Darryl W. Perry: Reforming the justice system by reforming plea bargains


Darryl W. Perry sought the Libertarian Party’s 2016 presidential nomination and presently serves as the vice-chair of the Libertarian Party of New Hampshire. He published the following article on FPP.cc on September 12th, 2016:

Over the last few years, there has been a lot of talk about the need to reform the criminal justice system, however there has been little action and the population in American prisons continues to grow. The most notable aspect of the criminal justice system that needs reformed are mandatory minimum sentences, which have a direct connection to the rise of prisoners in the United States. A rarely talked about, but much needed reform, is the practice of making plea deals with a suspect.

Bill Pursell explains, a prosecutor will often come up with “as many possible criminal counts to ‘stack’ against the defendant in order to strengthen the core case of the prosecution… the Supreme Court said the government may separately try and punish the defendant for two crimes if each crime contains an element that the other does not… a prosecutor can easily circumvent this law in order to lump, for example, drug offenses with conspiracy (some laws like this are broad and easily manipulated to fit many cases), gun use, money laundering, and a laundry list of other charges together.”

This is where the plea process comes into place. A prosecutor will offer the suspect a deal that usually includes dropping several of the charges in exchange for taking a guilty plea. These plea offerings also generally impose a lesser sentence than would be possible if the defendant went to trial. Pursell continues, “Adding more counts will increase the chances of a lengthy and very expensive legal battle, which many defendants cannot afford, and large number of counts can simply make a defendant appear guiltier. All of this pressure can be leveraged onto innocent defendants causing them to believe it is in their best interest to plea-bargain even if they are innocent rather than chance losing in open court.”

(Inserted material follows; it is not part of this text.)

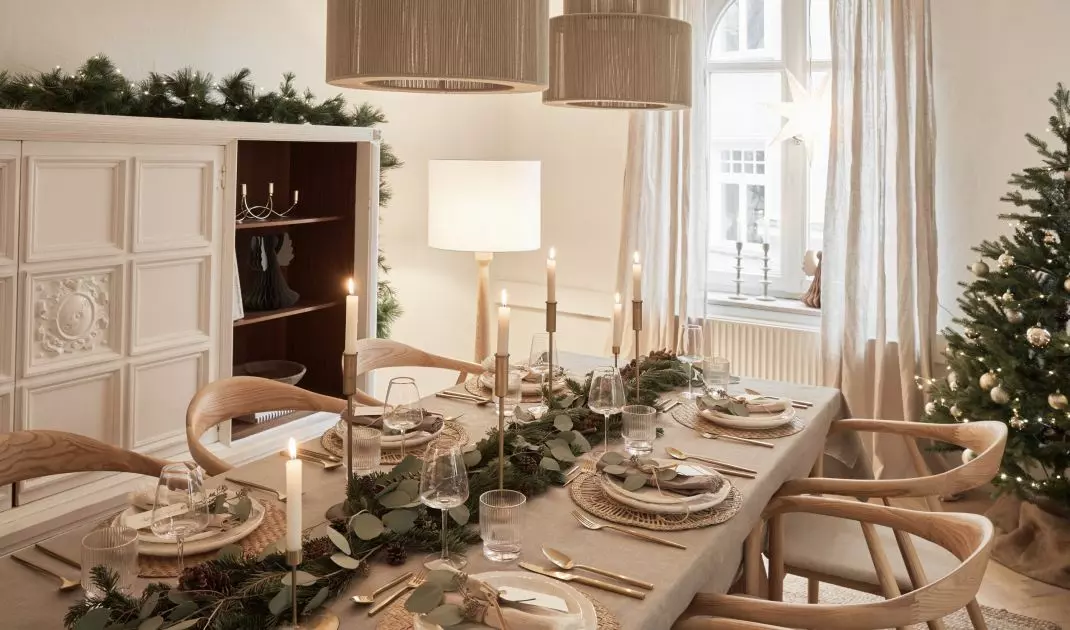 Scandinavian style table arrangement should be minimalist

One reform floated about that seeks to eliminate this practice is to prohibit a guilty plea. This would then require each offense to be argued in court and a judge or jury to issue a ruling on each charge. On it’s face it seems logical; however this reform would require a court hearing for every parking ticket, speeding ticket, municipal violation, etc, and almost guarantee that no one received a speedy trial.

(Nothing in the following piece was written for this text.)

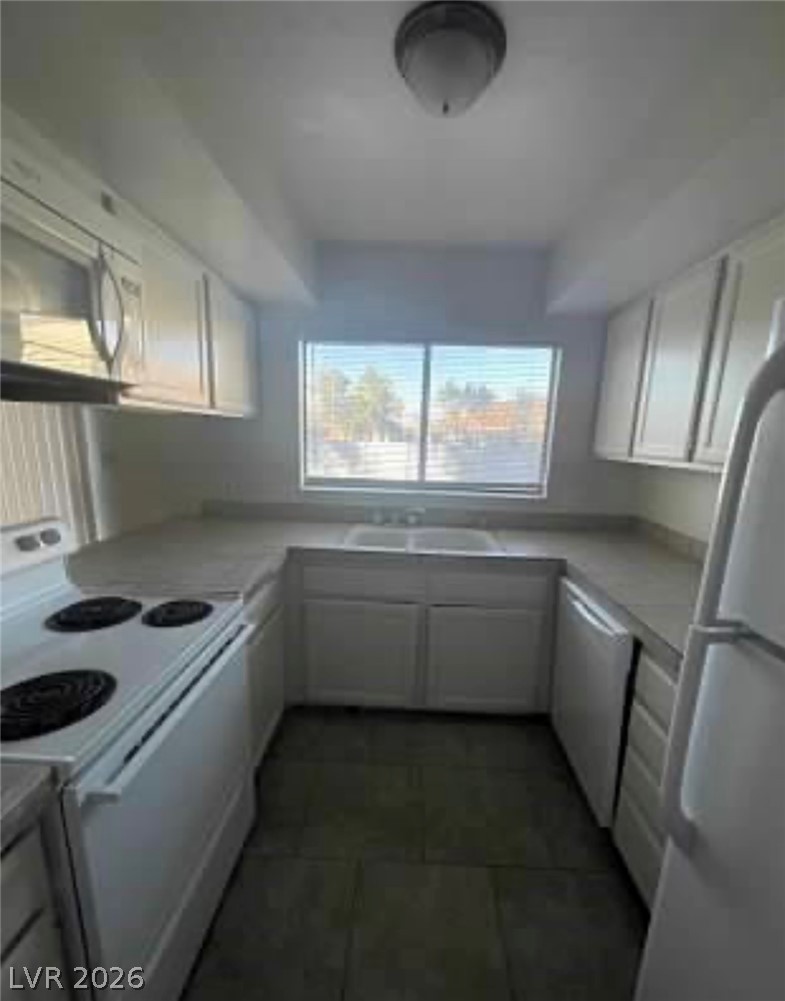 Photo 10 of 32, 3948 APPLECREST Street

A better reform, would be to prohibit a judge from imposing a penalty that is more severe than the final penalty offered by the prosecution in exchange for a guilty plea. For example, Rich Paul was charged with four counts of distribution of cannabis and one charge of distributing a substance purported to be LSD. In all, Paul was facing 81 years in prison. However before his trial began, he was offered no jail time in exchange for a guilty plea, there was no mention of how many years of probation he would face. Herefused the plea and was sentenced to 1 year in county jail, 3 years of probation and 1 ½-3 years per offense to be suspended for 3 years.

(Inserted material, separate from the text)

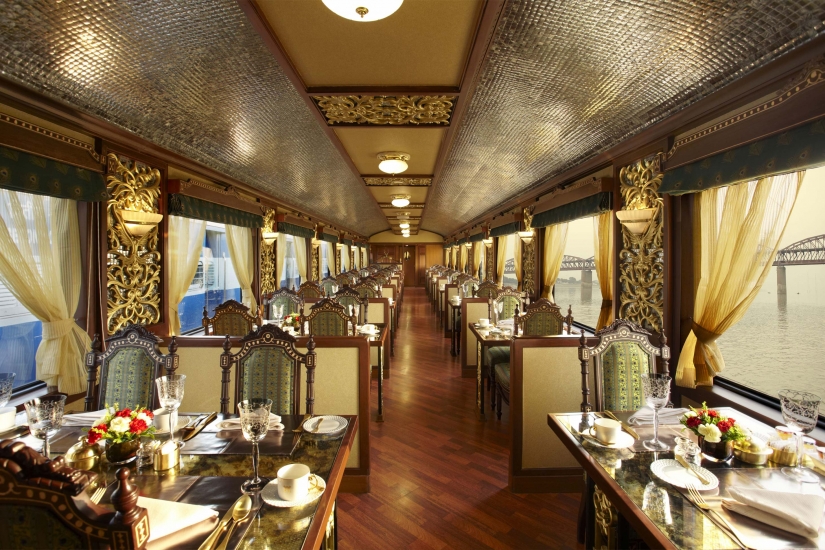 The most luxurious trains that people have been waiting in line for for months to get tickets for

It seems a bit hypocritical that the prosecution on the day before the trial began would believe that Mr. Paul, or someone else in his shoes, would not need to be incarcerated but after going to trial needs to be locked up. This practice of punishing people for going to trial needs to end. Though seeing the difficulty of eliminating mandatory minimum sentences, it may be a long time before people stop being punished for going to trial.